GIVEN DATA below:

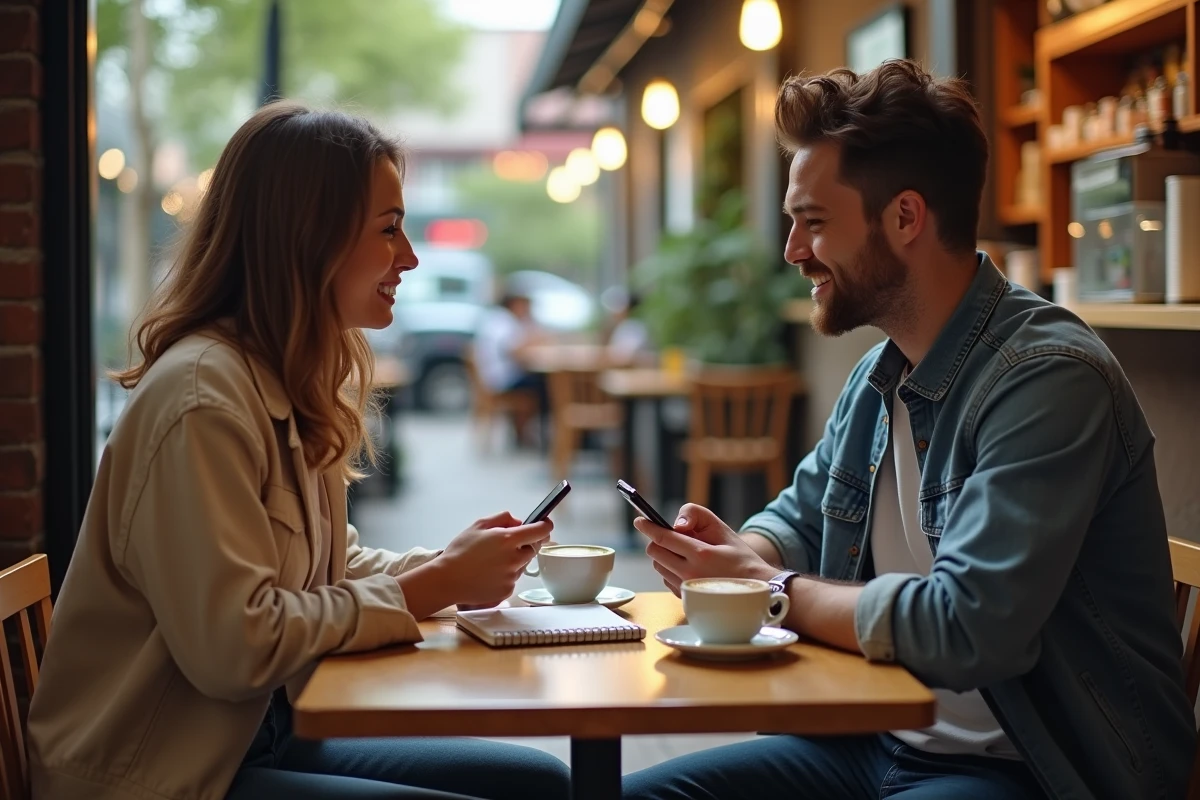 Deux utilisateurs comparant leurs avis et limites de Fusov dans un café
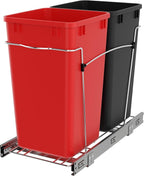 Rev-A-Shelf Pullout Trash Can for Kitchen Cabinets 27 Qt Garbage Recycling Bin with Full Extension Slides, Red/Black, RV-15KD-1618C-S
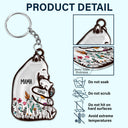 Floral Mama Bear - Birthday, Loving Gift For Mom, Mother, Grandmother, Grandma - Personalized Cutout Acrylic Keychain
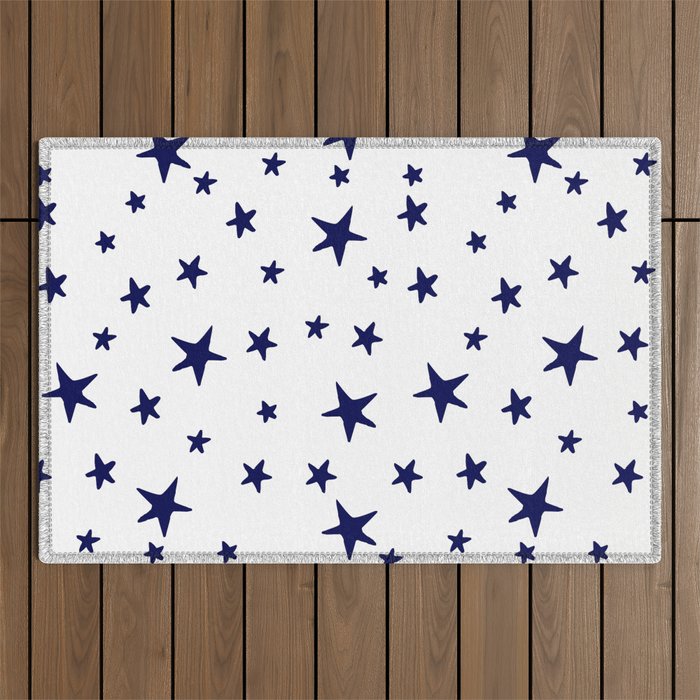Stars - Navy Blue on White Outdoor Rug Gallery Image 1
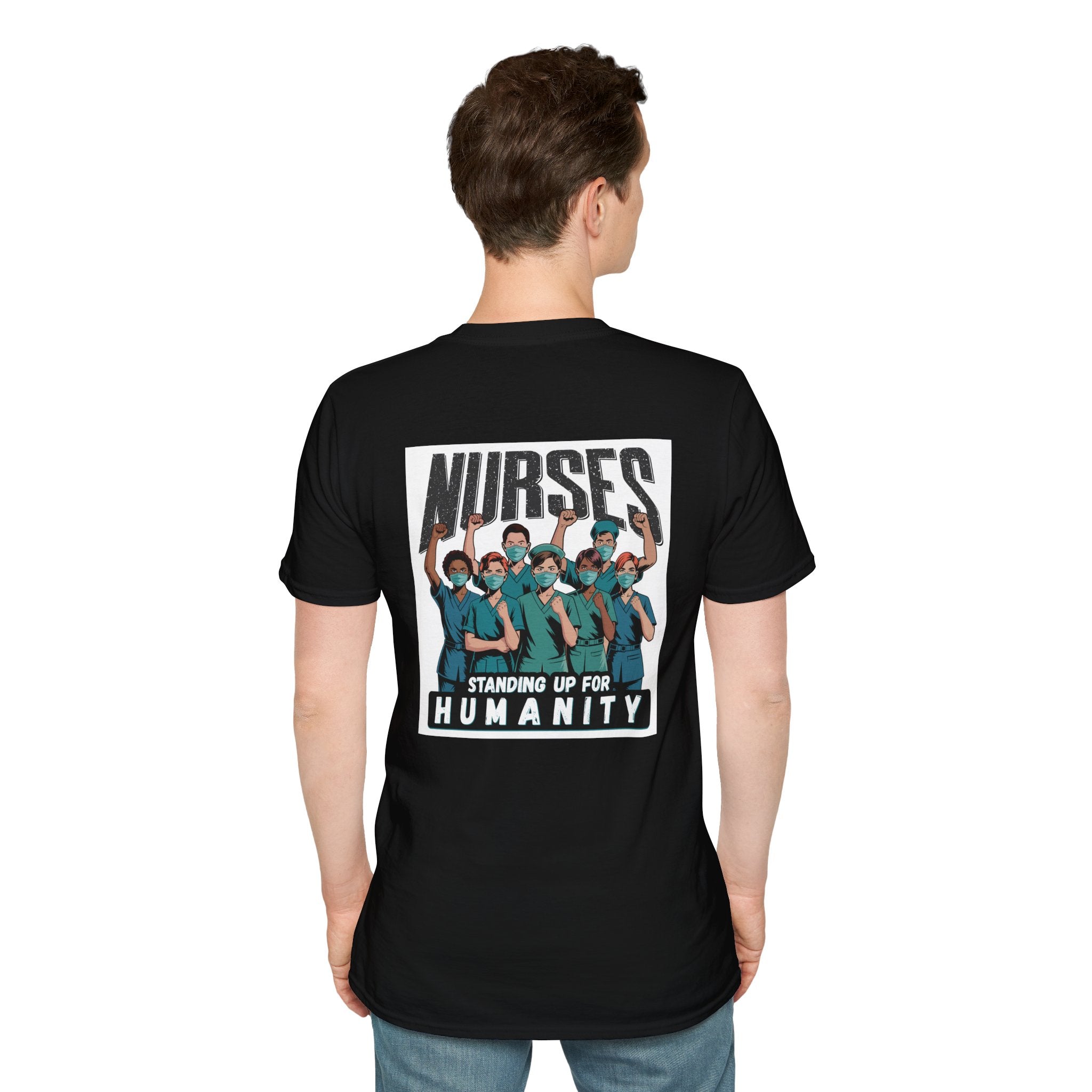 Unisex Lightweight fabric T-Shirt - Nurses For Healing The Nation (front) - Nurses Standing Up For Humanity (back) - 100% ring-spun cotton - NFH-T-G64000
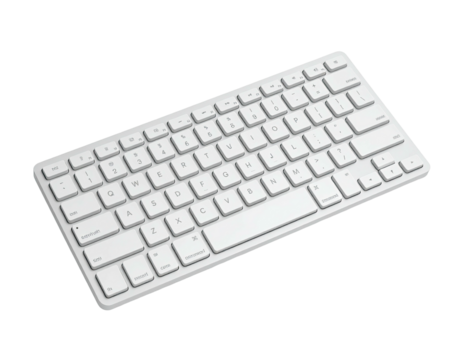 Angled view of a white, flat, minimalist keyboard on a black background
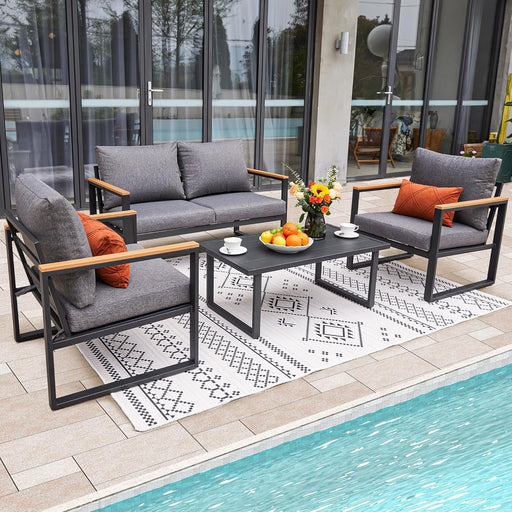 Patio Furniture Set, 4 Pieces Outdoor Patio Furniture with Table Set, Metal Patio Conversation Sets with Washable and High-Resiliency Sponge Cushions, Grey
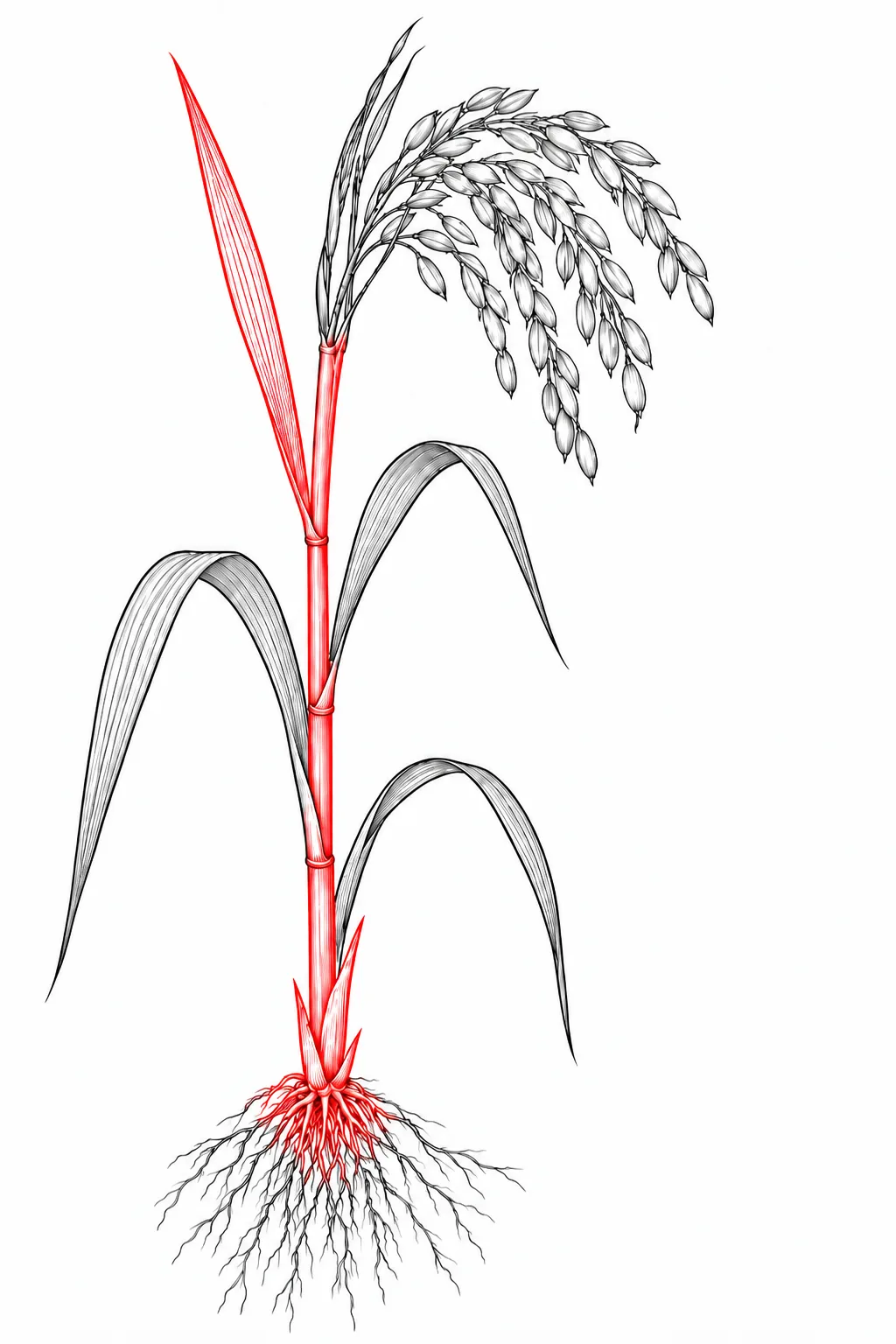 标注麦秸秆的植物插画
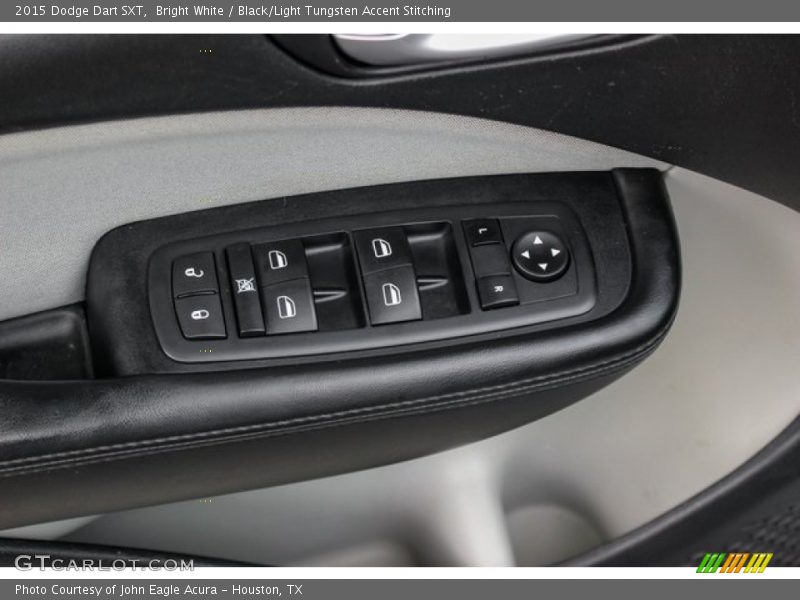 Bright White / Black/Light Tungsten Accent Stitching 2015 Dodge Dart SXT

End of GIVEN DATA.

Images must not appear; print each record precisely as it reads.

 Deux utilisateurs comparant leurs avis et limites de Fusov dans un café
 Rev-A-Shelf Pullout Trash Can for Kitchen Cabinets 27 Qt Garbage Recycling Bin with Full Extension Slides, Red/Black, RV-15KD-1618C-S
 Floral Mama Bear - Birthday, Loving Gift For Mom, Mother, Grandmother, Grandma - Personalized Cutout Acrylic Keychain
Stars - Navy Blue on White Outdoor Rug Gallery Image 1
 Unisex Lightweight fabric T-Shirt - Nurses For Healing The Nation (front) - Nurses Standing Up For Humanity (back) - 100% ring-spun cotton - NFH-T-G64000
 Angled view of a white, flat, minimalist keyboard on a black background
 Patio Furniture Set, 4 Pieces Outdoor Patio Furniture with Table Set, Metal Patio Conversation Sets with Washable and High-Resiliency Sponge Cushions, Grey
 标注麦秸秆的植物插画
 Bright White / Black/Light Tungsten Accent Stitching 2015 Dodge Dart SXT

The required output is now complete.